Feed your Appetite for Reduction. Meet us at booth #605 at AWS re:Invent.
I’m excited for this one! I’ve been working on this security mind map to capture how I think about security for some time. If you’re just here for the mind map, you can jump to the end. I encourage you to share and use the mind map to create a dialog. I create content not to imply there is an absolute right, but to create discussions that help us all get better!
When there is transition there should be reflection. In context, any time I change roles, move within a company, reach a new quarter or new year I ask a few questions. Why does the CEO, CFO, and board care what I do? What have others in this role done to succeed? What do I do differently, both positively and negatively?
Over the last two months I spent a lot of time thinking on these topics. As I wrote down everything in the CISO domain, and looked at how other folks organize thoughts, I felt that most of the conversation and mind maps seemed tactical. Those methods may work for others, but I want to share what I felt better represented how I think.
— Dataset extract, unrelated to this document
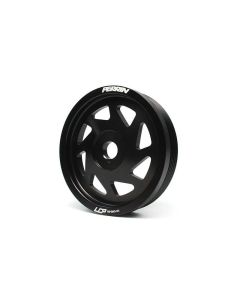 Perrin 13 Subaru BRZ / 13 Scion FR-S / 12-13 Subaru Impreza Crank Pulley - Black - PSP-ENG-101BK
Let’s start at a high level and work down to the mind map.
The most time in a given day is spent on governing risk, the second bullet. The other two bullets deserve their own articles, which are in the works and will come separately. The mind map and the rest of this article will focus on this primary day to day risk management.
Before building a mind map of functional areas, procedures and controls, we need to understand the risk to be managed. At the highest level a breach of confidentiality, integrity, or availability of information systems or data, would lead to one or more of the following risks.
Second to a list of risk domains, we need a governance framework. The most common framework referenced is the NIST information security life cycle model with five phases: Identify, protect, detect, respond, recover. I actually prefer a seven phase model. I think certain activities do not receive enough prominence in the NIST model. For instance supply chain and third party risk programs are risk avoidance processes. You will see in the mind map, this creates a better framework for breaking out work into an organizational model.
With this framework, we can manage our risk domains. Thinking in these terms It’s easy to map process and technical controls to a phase, and then create teams, projects and tasks for each functional area.
Below is the mind map I created that does just that. I looked at controls, processes and industry standards that we use to manage the above risk domains, mapped each to the risk governance model /framework and created an organizational structure overlay. For small businesses one person may have to manage all of this, or it may be one person per “team”. No matter the size, this framework can be used. (See the Dynamic & zoomable mind map here.)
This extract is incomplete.